The GHZ Game

November, 2018


This semester I gave a second Alt-Tab talk to the University of Waterloo's Computer Science Club. Like last time, it was a topic related to quantum computing- this time, a game. Games provide a convienient middle-ground between physics and computer science through the application of information theory; which has wide-ranging implications from fields as far flung as data compression, linguistics, and black hole thermodynamics.

The point broke off my pencil just a tad though, in that I forgot the talk was supposed to be more heuristic than specific. I ended up getting a little too mathematical rather than stating the results and talking implications. To that end, I think it's fitting that I explain some of what was going on here, so that any interested attendees who were confused by the admittedly fast-and-loose math aren't left hanging. So without further ado, the GHZ game!

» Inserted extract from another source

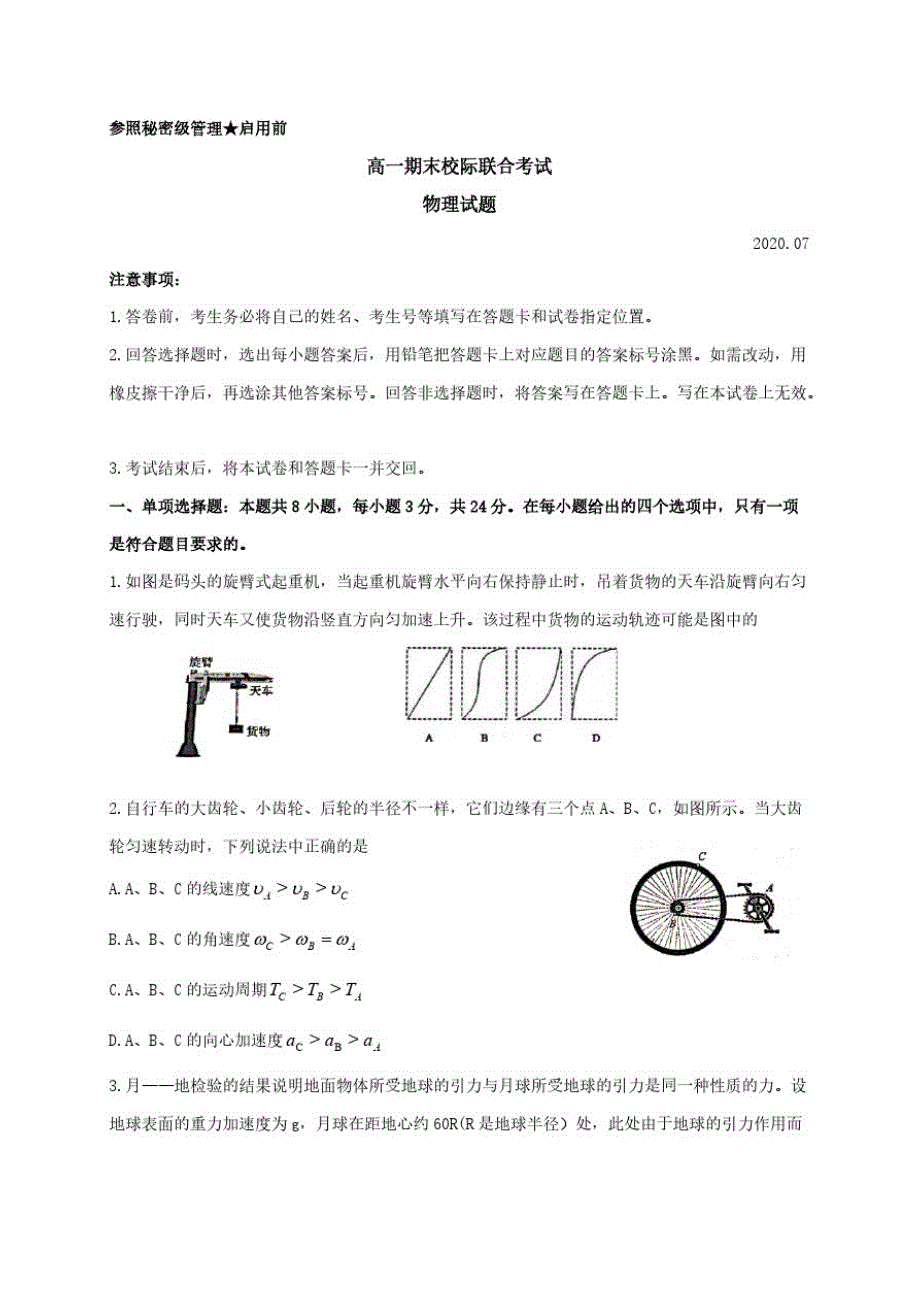 山东省日照市2019-2020学年高一下学期期末考试物理试题_第1页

Here's the scheme: we have three players in what we call a "cooperative game" which just means that all the players are not competing with each other, rather (in this case) with chance in the form of a referee who sends the players questions randomly. Each player, say Alice, Bob, and Charlie (later $A$, $B$, and $C$) are handed a question at random from the referee. The referee sends the question $r$ to Alice, $s$ to Bob, and $t$ to Charlie. Each of these participants respond with $a$, $b$, $c$ respectively. Here's a diagram to make things a little easier to chew-

Diagrammatic description
                        of classical GHZ game

We say that $r,s,t \in \{0,1\}$ and that the bit strings chosen uniformly by the referee are $rst \in \{000,011,101,110\}$. Each player takes the question corresponding to its position in the bit string and answers according to some strategy, such that with Alice returning the answer $a$ and so on, their answers $a,b,c \in \{0,1\}$. The game is won by the players if the addition modulo 2 of the bits $a,b,c$ is equal to the logical disjunction of the referee's questions: here's a table to for the winning outcomes.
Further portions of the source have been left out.